=== ASSIGNMENT ===
Transcribe the data underneath exactly. No images belong in your version.

=== RECORDED INFORMATION ===
────

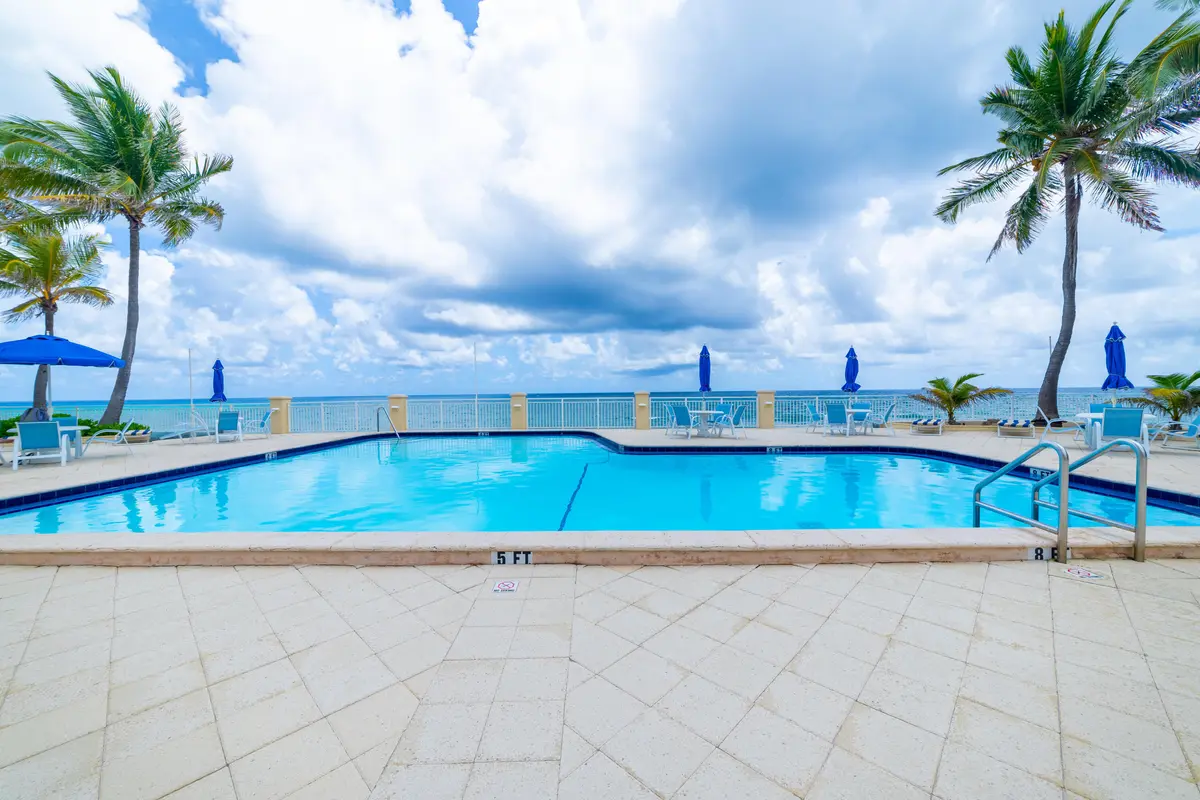 Pool at 3475 S Ocean Boulevard 508, Palm Beach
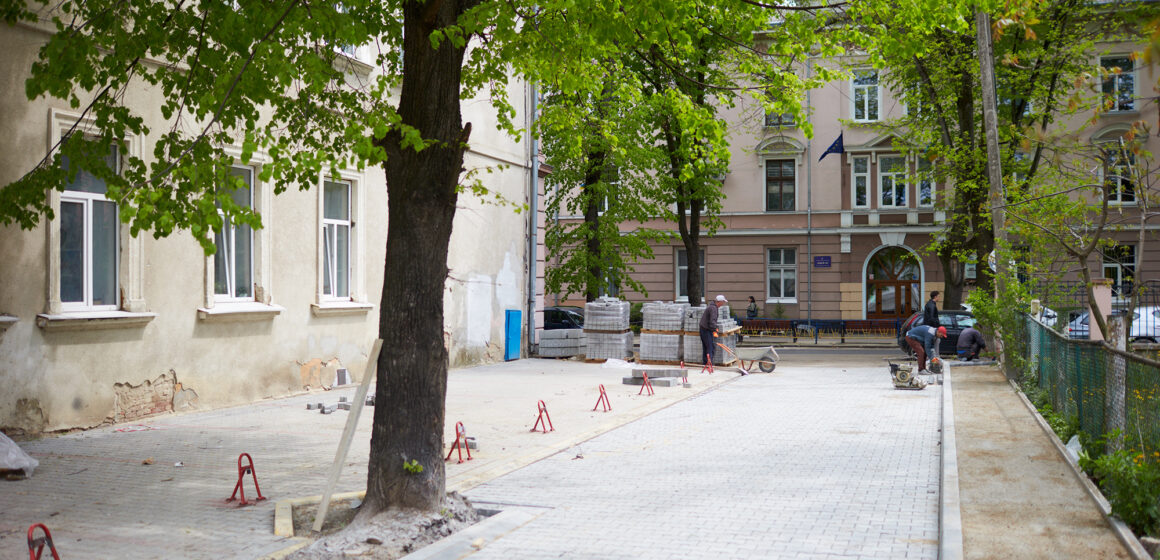 Весь час тут було болото: дворик у центрі Івано-Франківська отримає нове обличчя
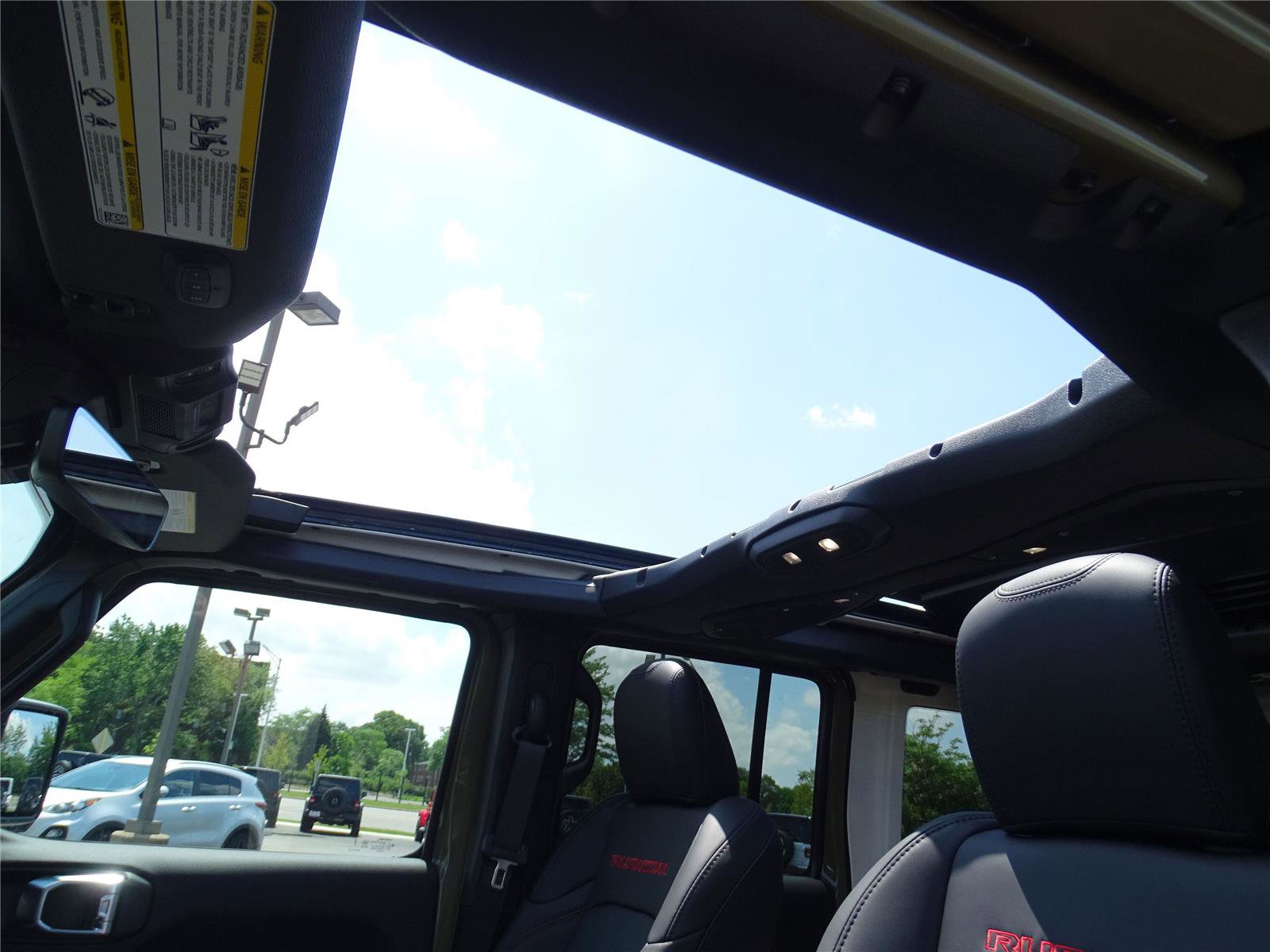 New 2025 Jeep Wrangler Unlimited Rubicon image 26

────

=== TASK ANSWER ===
 Pool at 3475 S Ocean Boulevard 508, Palm Beach
 Весь час тут було болото: дворик у центрі Івано-Франківська отримає нове обличчя
 New 2025 Jeep Wrangler Unlimited Rubicon image 26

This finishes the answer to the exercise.